ASSIGNMENT: Copy the records below word for word, from the first line through the line that contains "2025 ONE PIECE", and leave out any pictures.

Image-caption web data:
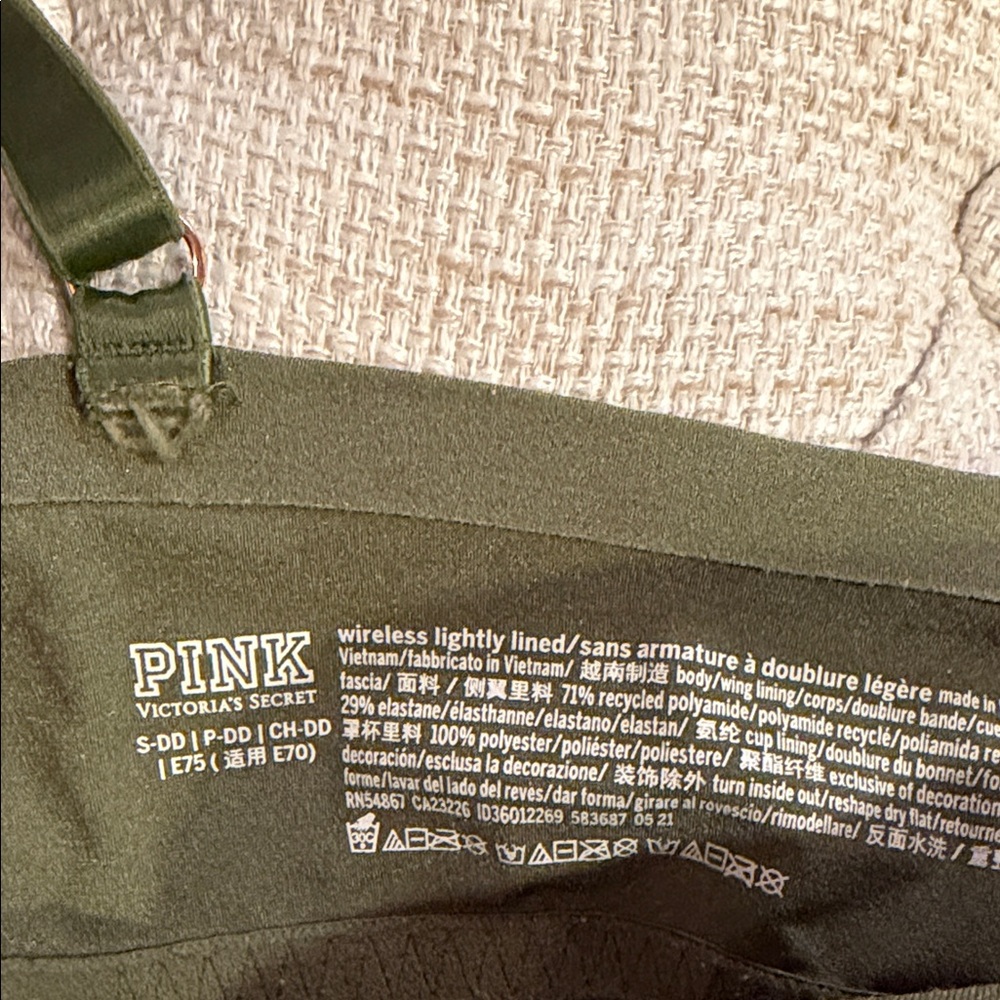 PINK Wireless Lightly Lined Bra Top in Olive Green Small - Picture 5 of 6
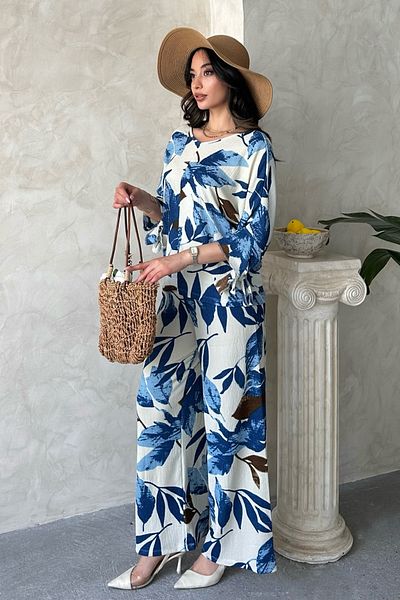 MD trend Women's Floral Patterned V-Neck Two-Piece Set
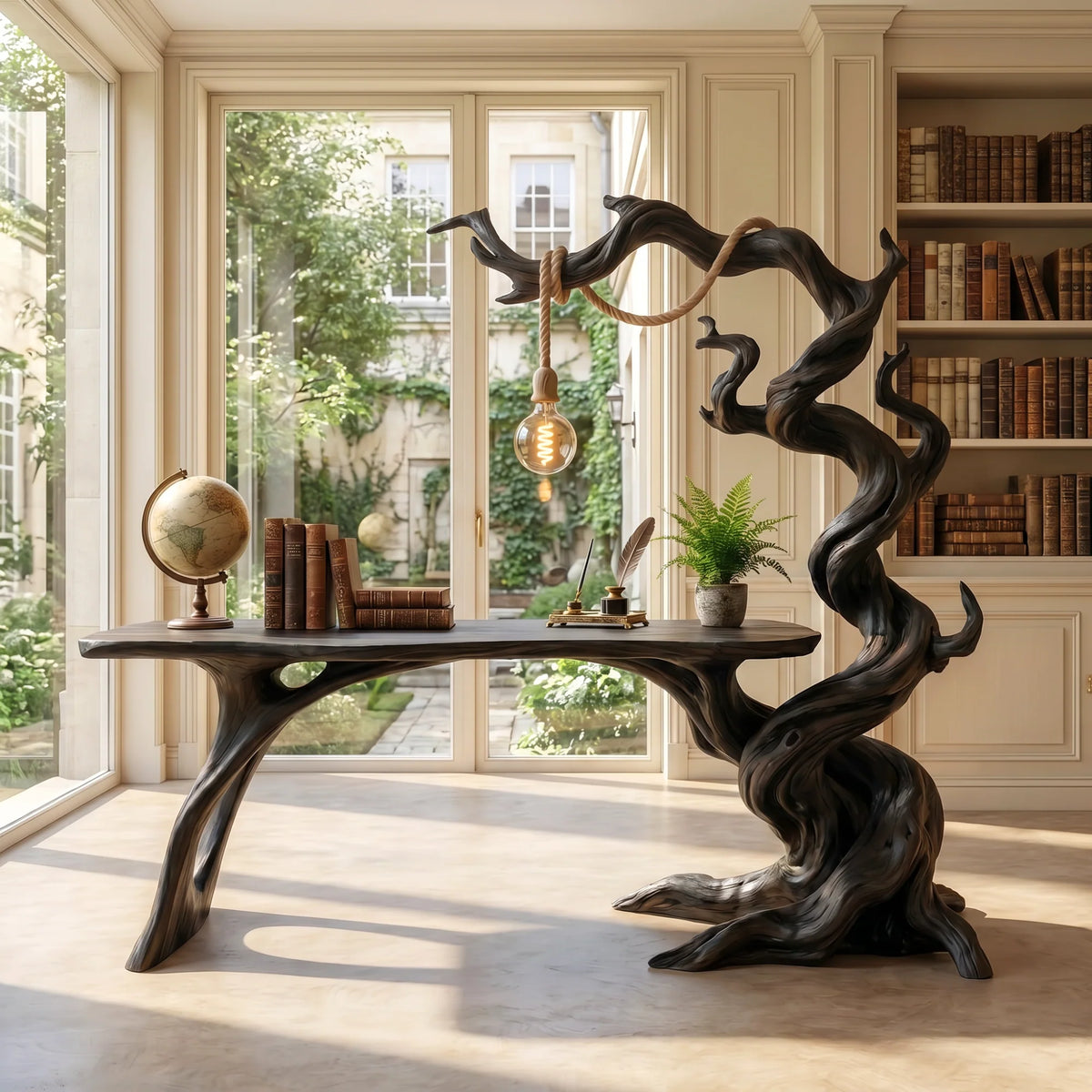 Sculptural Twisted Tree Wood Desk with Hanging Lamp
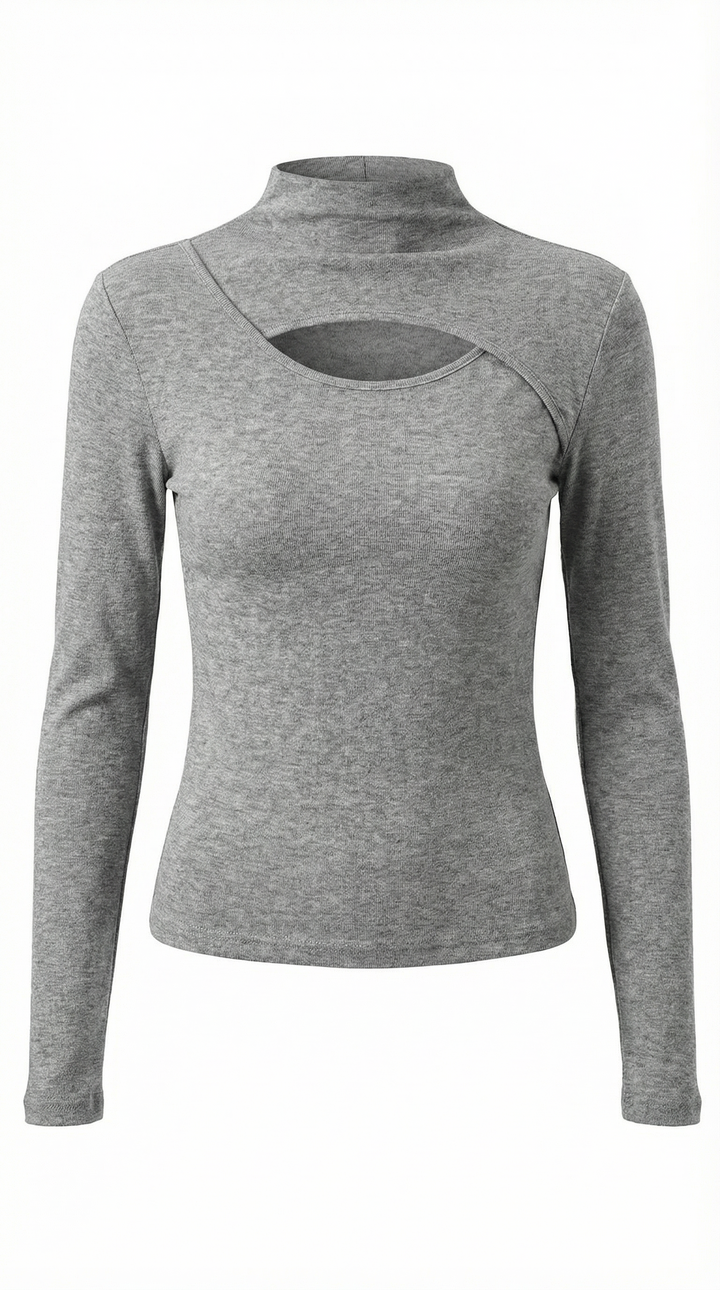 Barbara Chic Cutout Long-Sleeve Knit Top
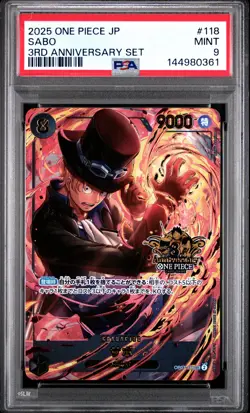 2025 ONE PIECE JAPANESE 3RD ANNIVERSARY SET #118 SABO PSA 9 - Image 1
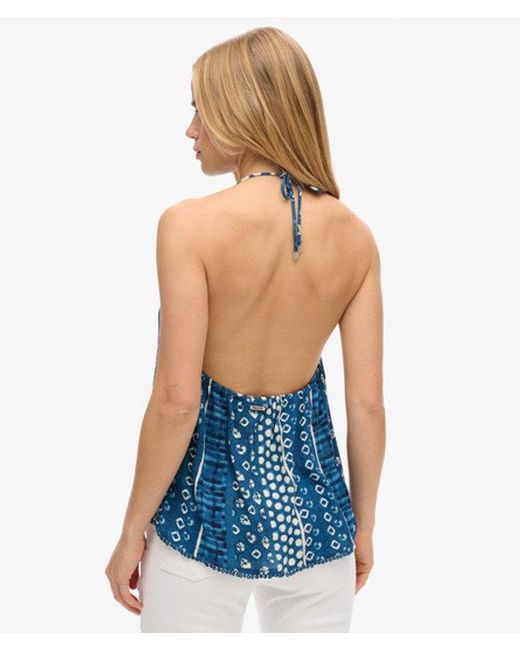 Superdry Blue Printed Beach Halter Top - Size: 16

ANSWER AREA:
 PINK Wireless Lightly Lined Bra Top in Olive Green Small - Picture 5 of 6
 MD trend Women's Floral Patterned V-Neck Two-Piece Set
 Sculptural Twisted Tree Wood Desk with Hanging Lamp
 Barbara Chic Cutout Long-Sleeve Knit Top
 2025 ONE PIECE JAPANESE 3RD ANNIVERSARY SET #118 SABO PSA 9 - Image 1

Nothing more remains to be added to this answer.